• [TASK ITEM] Only the lines from the beginning of the data through the line holding "Logo ¿Cómo jugar" belong in the answer, printed exactly and without pictures.

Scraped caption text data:
====================

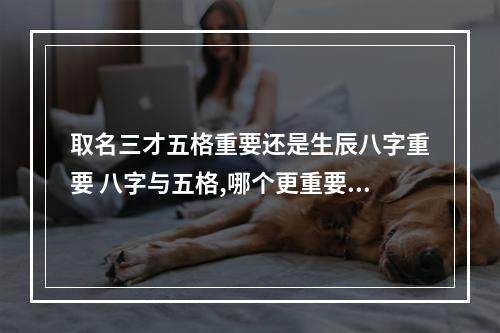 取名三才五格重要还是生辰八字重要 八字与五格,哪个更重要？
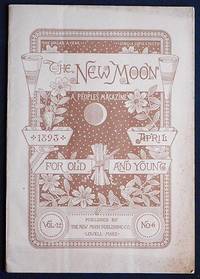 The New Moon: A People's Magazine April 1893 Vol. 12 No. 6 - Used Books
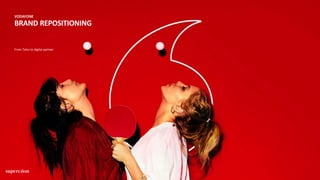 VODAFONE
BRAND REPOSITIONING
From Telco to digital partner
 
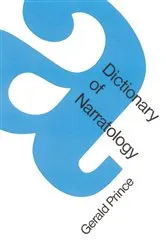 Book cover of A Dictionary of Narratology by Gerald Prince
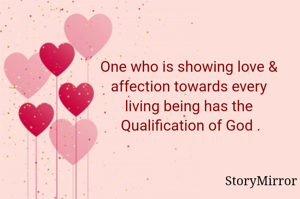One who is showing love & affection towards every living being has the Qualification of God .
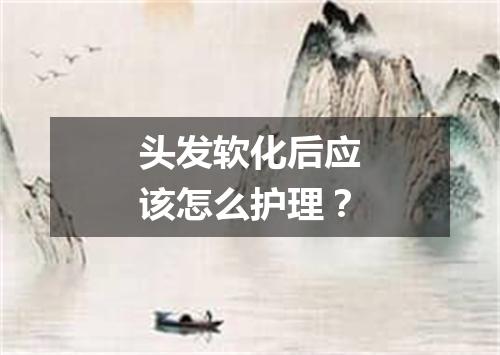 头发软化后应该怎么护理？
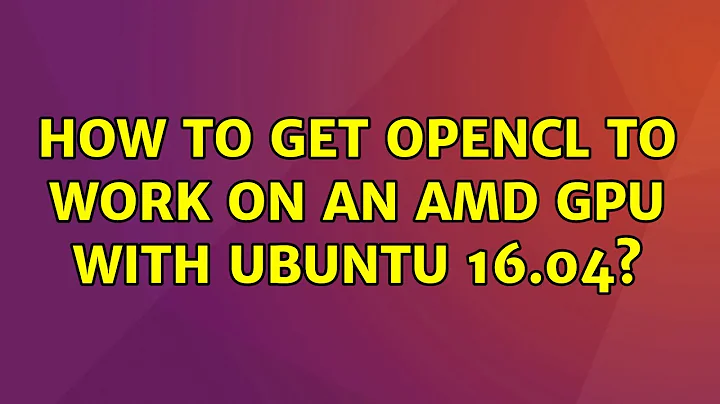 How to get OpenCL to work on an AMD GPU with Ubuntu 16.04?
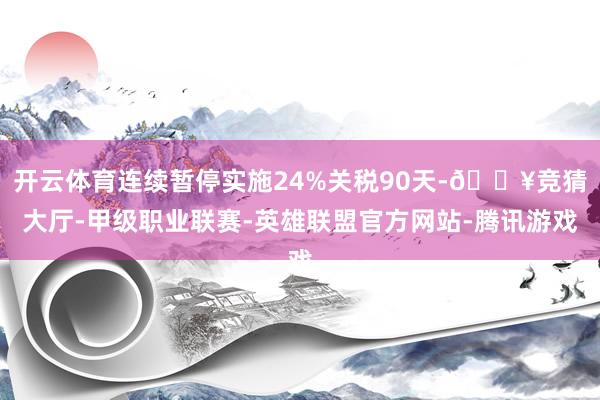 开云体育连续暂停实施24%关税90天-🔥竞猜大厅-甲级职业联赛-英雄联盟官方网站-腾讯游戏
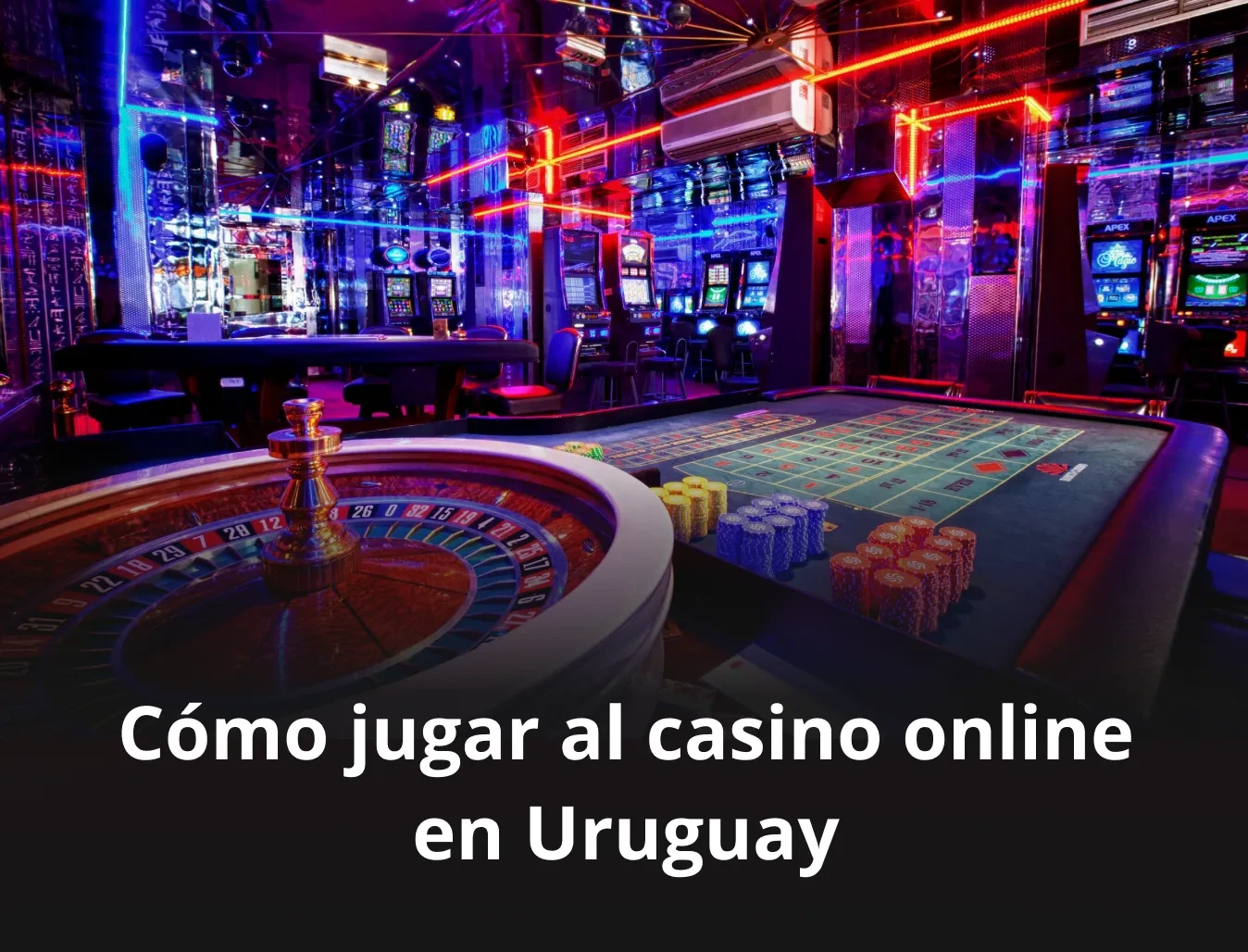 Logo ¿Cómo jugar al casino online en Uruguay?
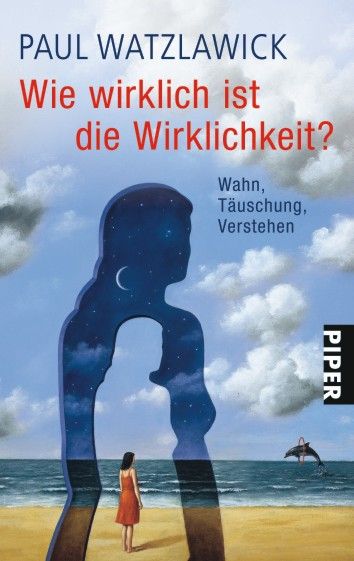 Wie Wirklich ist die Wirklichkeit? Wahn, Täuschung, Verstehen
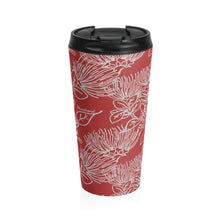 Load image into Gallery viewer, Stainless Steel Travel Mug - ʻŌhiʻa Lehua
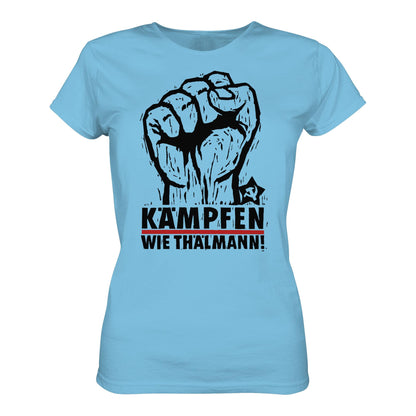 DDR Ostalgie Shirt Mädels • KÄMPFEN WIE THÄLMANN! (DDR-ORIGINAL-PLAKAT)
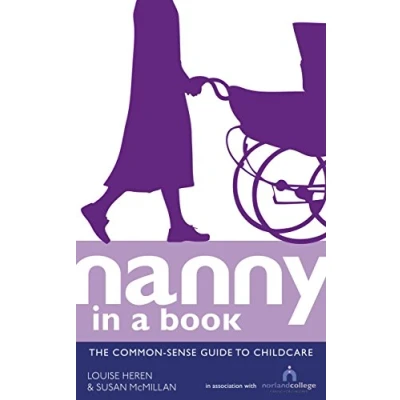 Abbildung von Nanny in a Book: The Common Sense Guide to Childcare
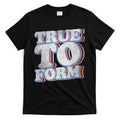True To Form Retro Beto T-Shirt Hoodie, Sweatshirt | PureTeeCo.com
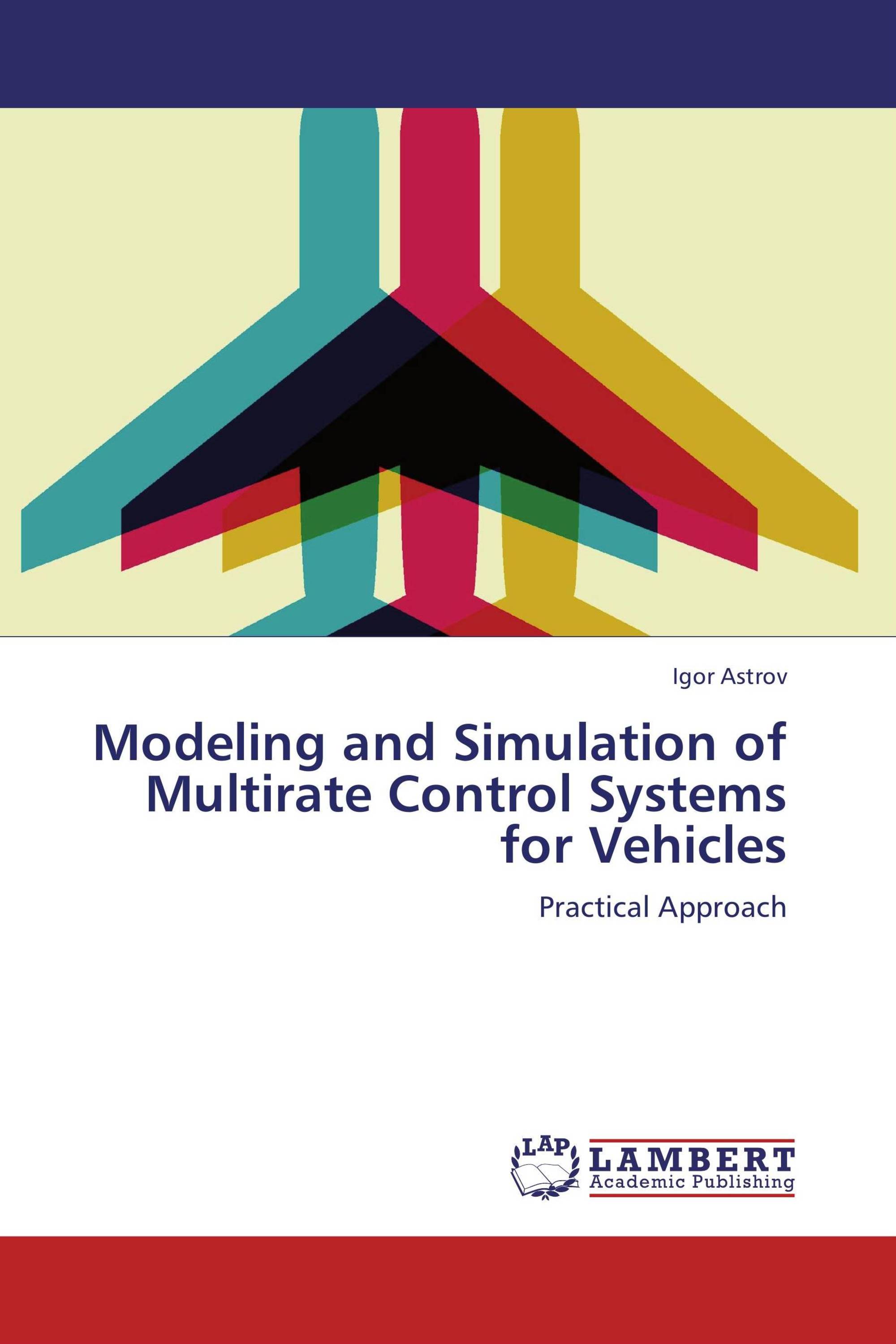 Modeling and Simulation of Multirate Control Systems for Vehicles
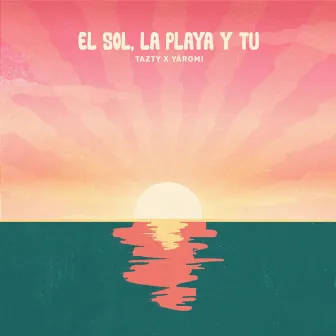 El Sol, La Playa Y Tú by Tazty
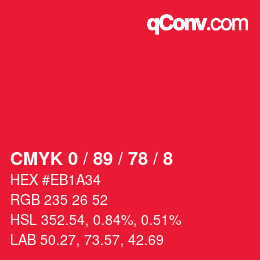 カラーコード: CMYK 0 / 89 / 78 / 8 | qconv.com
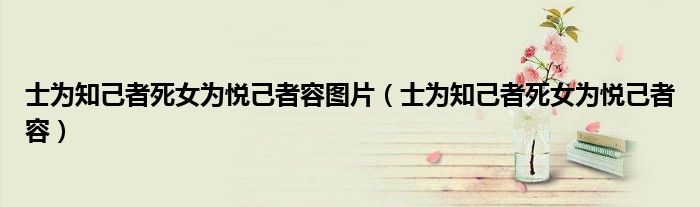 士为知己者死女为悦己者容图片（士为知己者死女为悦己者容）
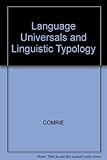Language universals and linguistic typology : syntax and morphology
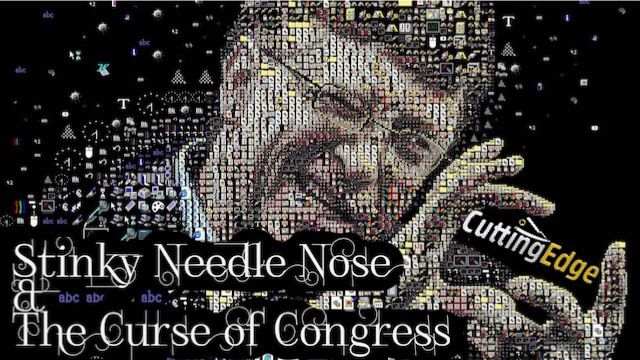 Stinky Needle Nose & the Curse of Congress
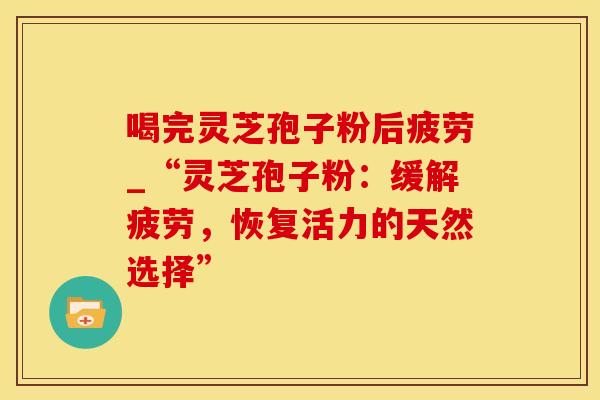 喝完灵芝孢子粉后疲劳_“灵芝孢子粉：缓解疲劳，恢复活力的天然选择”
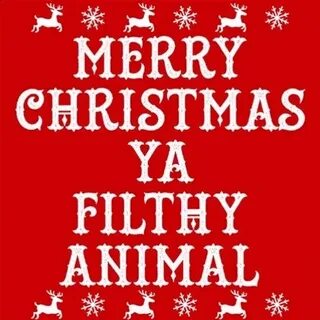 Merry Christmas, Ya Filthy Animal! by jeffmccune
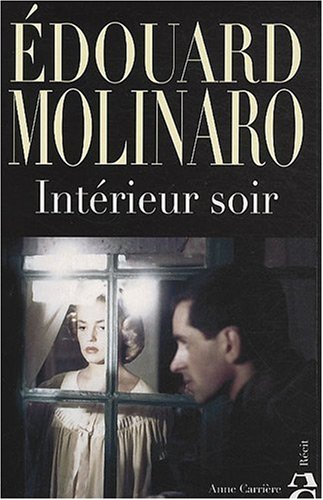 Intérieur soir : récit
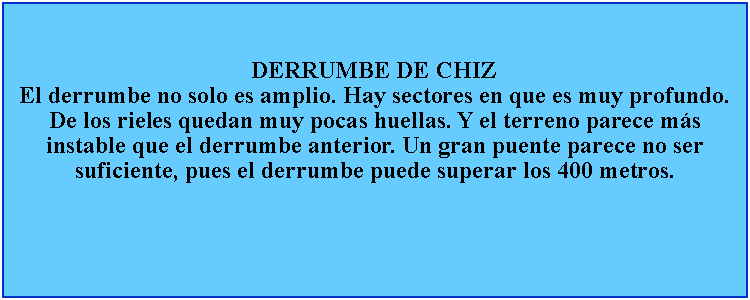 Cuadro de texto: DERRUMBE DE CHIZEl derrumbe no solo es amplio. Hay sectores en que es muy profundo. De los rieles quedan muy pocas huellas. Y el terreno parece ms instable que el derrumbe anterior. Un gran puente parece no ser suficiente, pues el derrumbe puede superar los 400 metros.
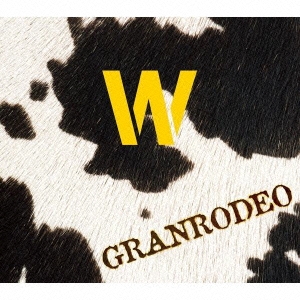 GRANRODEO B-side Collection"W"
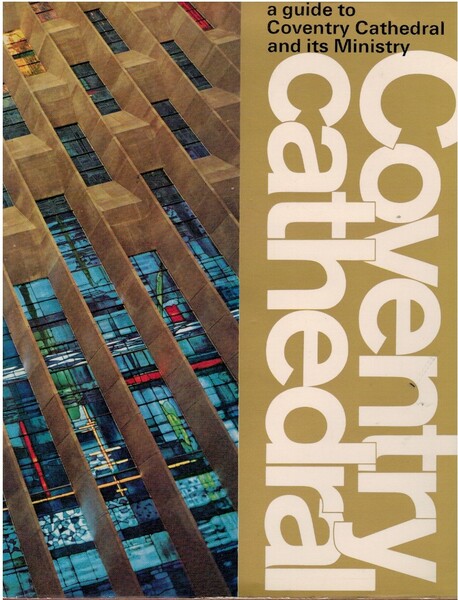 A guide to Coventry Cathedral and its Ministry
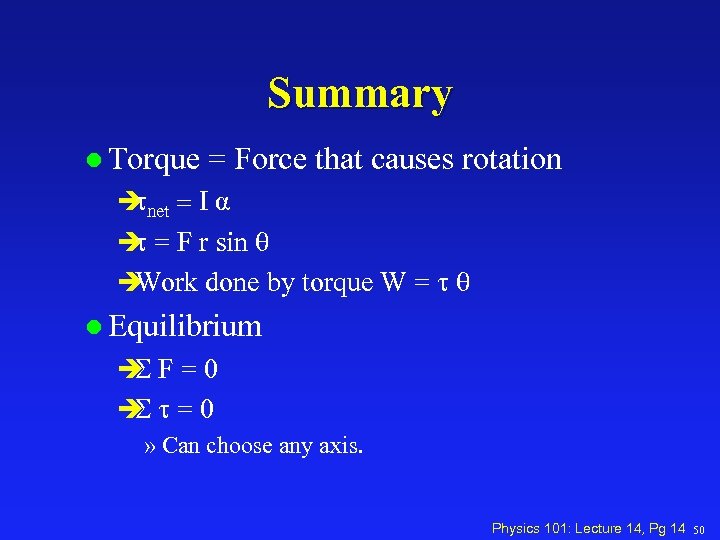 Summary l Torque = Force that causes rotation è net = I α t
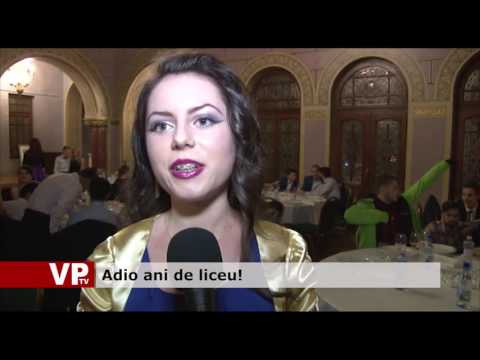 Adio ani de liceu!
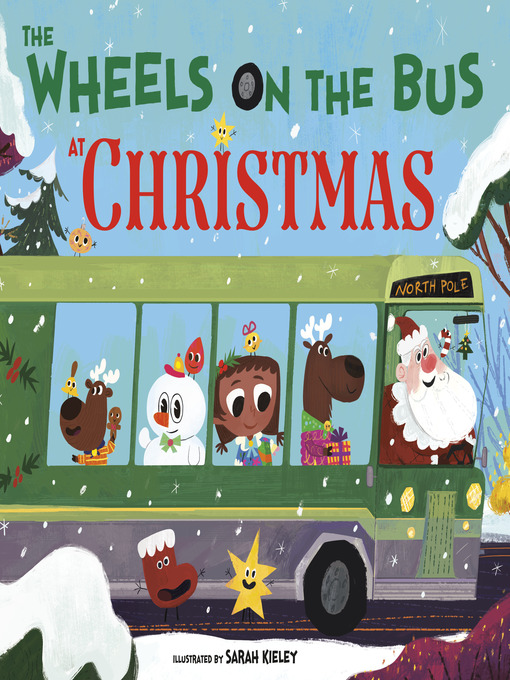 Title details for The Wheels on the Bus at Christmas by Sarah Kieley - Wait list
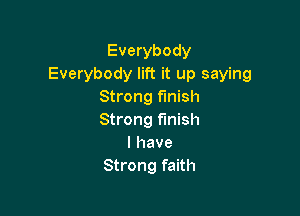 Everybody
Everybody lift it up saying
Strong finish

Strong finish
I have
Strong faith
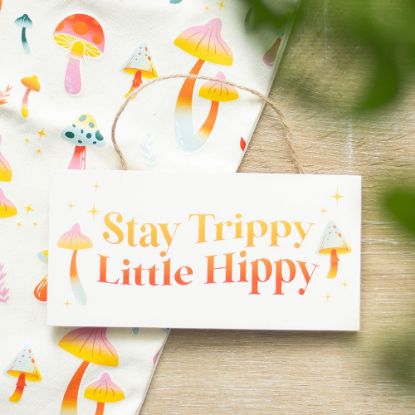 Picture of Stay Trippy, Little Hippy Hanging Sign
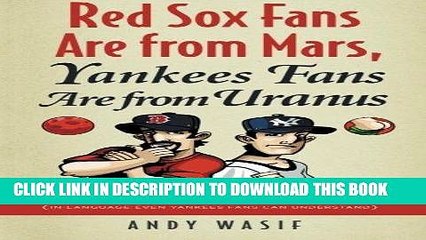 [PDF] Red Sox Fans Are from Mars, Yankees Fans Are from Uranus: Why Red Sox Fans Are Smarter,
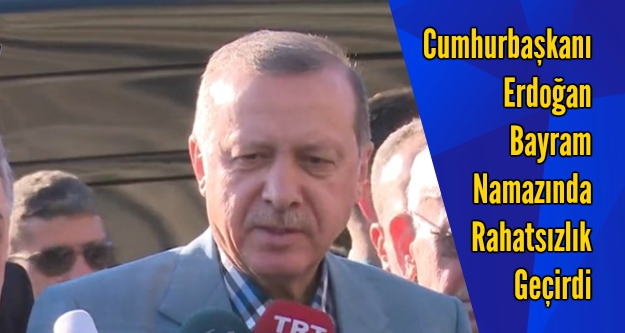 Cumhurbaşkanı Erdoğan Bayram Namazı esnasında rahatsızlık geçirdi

====================

• [SOLUTION TO THIS PROBLEM]
 取名三才五格重要还是生辰八字重要 八字与五格,哪个更重要？
 The New Moon: A People's Magazine April 1893 Vol. 12 No. 6 - Used Books
 VODAFONE
BRAND REPOSITIONING
From Telco to digital partner
 
 Book cover of A Dictionary of Narratology by Gerald Prince
One who is showing love & affection towards every living being has the Qualification of God .
 头发软化后应该怎么护理？
 How to get OpenCL to work on an AMD GPU with Ubuntu 16.04?
 开云体育连续暂停实施24%关税90天-🔥竞猜大厅-甲级职业联赛-英雄联盟官方网站-腾讯游戏
 Logo ¿Cómo jugar al casino online en Uruguay?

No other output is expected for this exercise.